In this video I'll be showing the full process to create a logistic regression model developed in Python inside SAP Data Intelligence using a training set of employee attrition. This model will then be exposed thru an REST-API using SAP Data Intelligence. To create this demo I've used this great blog from Andreas Forster, a great part of this blog is directly copied from his work, with his permission. If at any point you find yourself lost in my demo, please refer back to Andreas' blog and follow his steps through.

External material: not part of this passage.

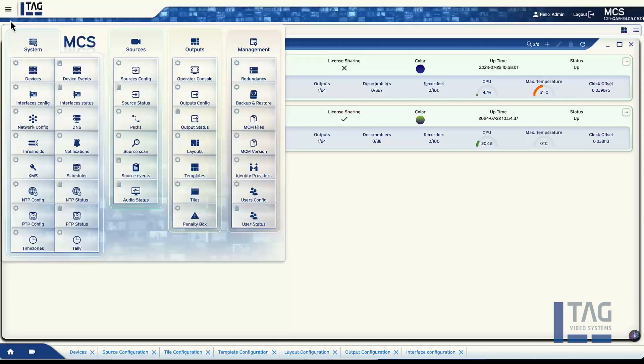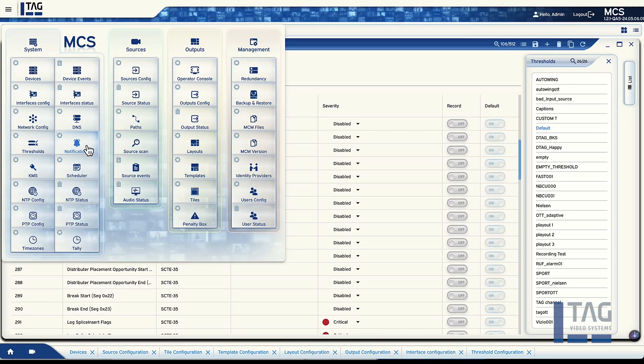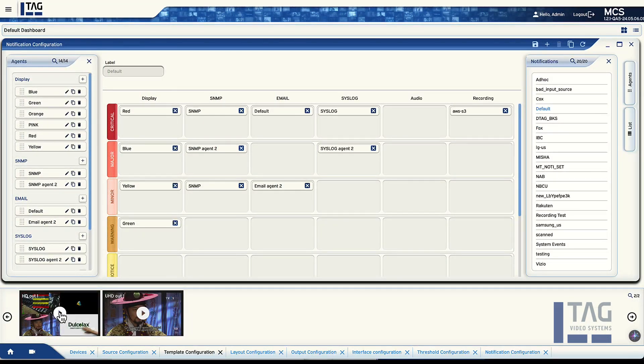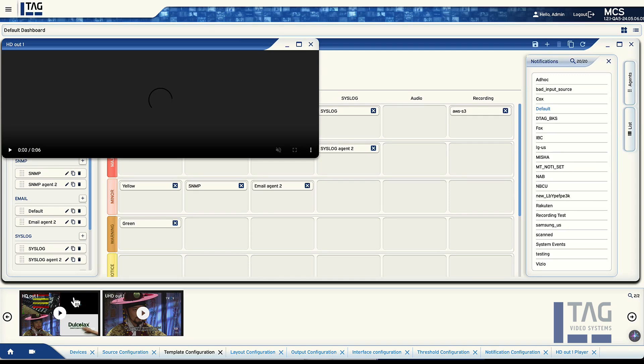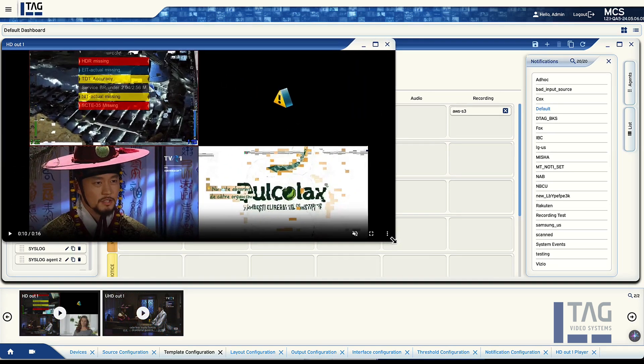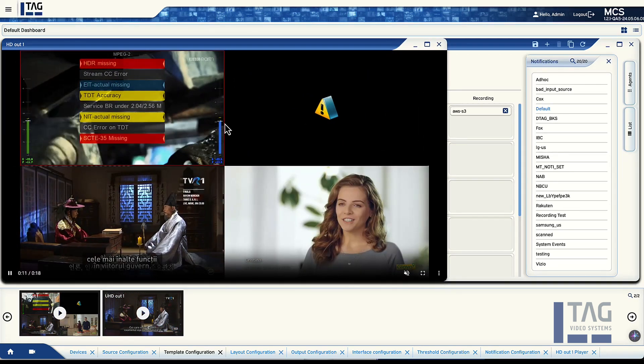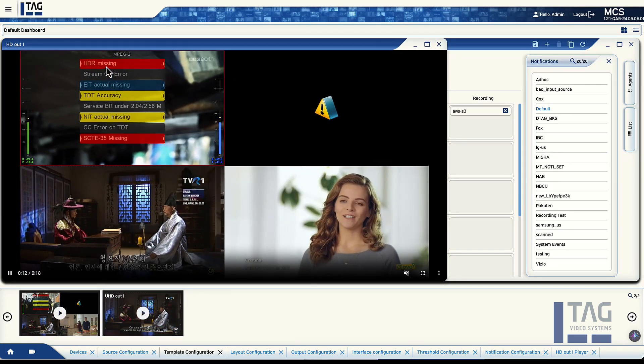We track this metadata at every probing point, and with our path building and our ability to look at multiple points in the stream, we can see if the metadata failed, where it failed — maybe it went bad, maybe it went away. We can alarm on that and let the customer know that at node three of your chain of five, your metadata went funny or it went away.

He goes much more in detail with what to do and explains every component in a much more detailed manner.
Please note that the data used here is fake and contains no real information.
Our dataset is a small CSV file, which contains 2800 fake employee information with 64 columns of various information and also with a column indicating, job title, several competencies, salary, etc...
ID | Country | DOB | AgeJoined | Age | YearsOfService | ... |
1 | France | 03/04/1992 | 27 | 27 | 0 | |
2 | France | 13/09/1984 | 33 | 35 | 2 | |
3 | France | 21/02/1981 | 38 | 38 | 0 | |
4 | France | 15/09/1967 | 27 | 52 | 25 | |
5 | France | 11/02/1994 | 21 | 25 | 4 |
The business question we are trying to answer here is the risk of attrition of an employee. In our dataset, we have a column LEFT saying if the employee has left the company of not. We will use this column for training/testing purpose and then try to run it for our existing or new employees to identify those who might leave us.
In this demo I'm loading this dataset in min.io to simulate an Amazon S3 bucket. I have also loaded this dataset in my own SAP HANA database to develop my python code in the SAP Data Intelligence provided Jupyter Lab Notebook.
First we need to define all the connections that we will be using:
We need to configure our S3 bucket connection and have it point to our bucket. You can verify the connection by clicking on Test Connection.
After we have loaded our file, we can start working on the actual Data Science part of our task. Go back to the main page of SAP Data Intelligence and click into the “ML Scenario Manager”.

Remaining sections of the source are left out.